Design A Kid-Friendly Kitchen
In many households, the kitchen is the center of activity—making it even more essential that the room be family-friendly. Robert Dobbs, a certified kitchen and bathroom designer with Elgot, a design company based in Manhattan, says families looking to remodel their kitchen may want to consider “U-shaped kitchens, [because they] work well to keep kids on the opposite side of the island [and away from the cooking area].” Also, Dobbs says to be sure to “leave [ample] space between open oven or dishwasher doors and cabinets,” as this helps enable safe passageway through the kitchen. When it comes to flooring, solid wood or laminate floors are both resilient surfaces that make for easy clean-up, while cork is another good option because it makes standing for long periods of time easier on your feet—and on a baby’s crawling hands and knees. For people with small kitchens, Dobbs says internal storage options like pull-out pantries really maximize space.
Choose Sensible Carpeting
When choosing a carpet for your living room, comfort, maintenance, and aesthetics are all important factors that come into play. “From a health standpoint, wool, cotton, and silk are natural fiber options that are free of any harsh chemicals,” explains Angela Gruszka of ABC Carpet & Home. She recommends these rugs to families with young children or babies, and wool or sheepskin rugs to families with children a bit older, as these rugs are “extremely durable and easily cleanable.” Steven Forrey, sales manager at The Rug Company, agrees, favoring Tibetan wool rugs—particularly for families that are seeking minimal upkeep and maximum décor. Boasting incredibly high-quality wool, these rugs are stain resistant, durable, and natural.
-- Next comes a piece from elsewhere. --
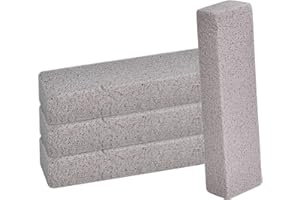 DEARBAG 4 Spazzole per la Pulizia della Pietra Pomice, per Barbecue, Blocchi di Pomice, Blocchi di Pulizia per WC, Blocchi Forti per Barbecue, Cucina, Forno, Doccia, Lavandino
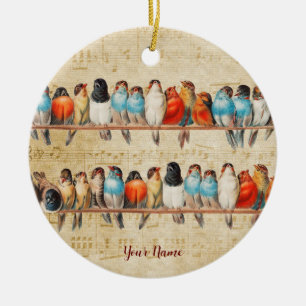 Singing and Chirping  Ceramic Tree Decoration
As a final
precaution, go barefoot in carpeted areas. Leaving your shoes at the
door will ultimately shorten your housecleaning by a considerable
amount, saving you time and money when it comes to maintaining the
Pick Out The Right Couch
Above all, invest in
durable seating. “A coffee table from Ikea is just as good as a table
from any other place,” says Debbie Wiener, author of “Slob Proof!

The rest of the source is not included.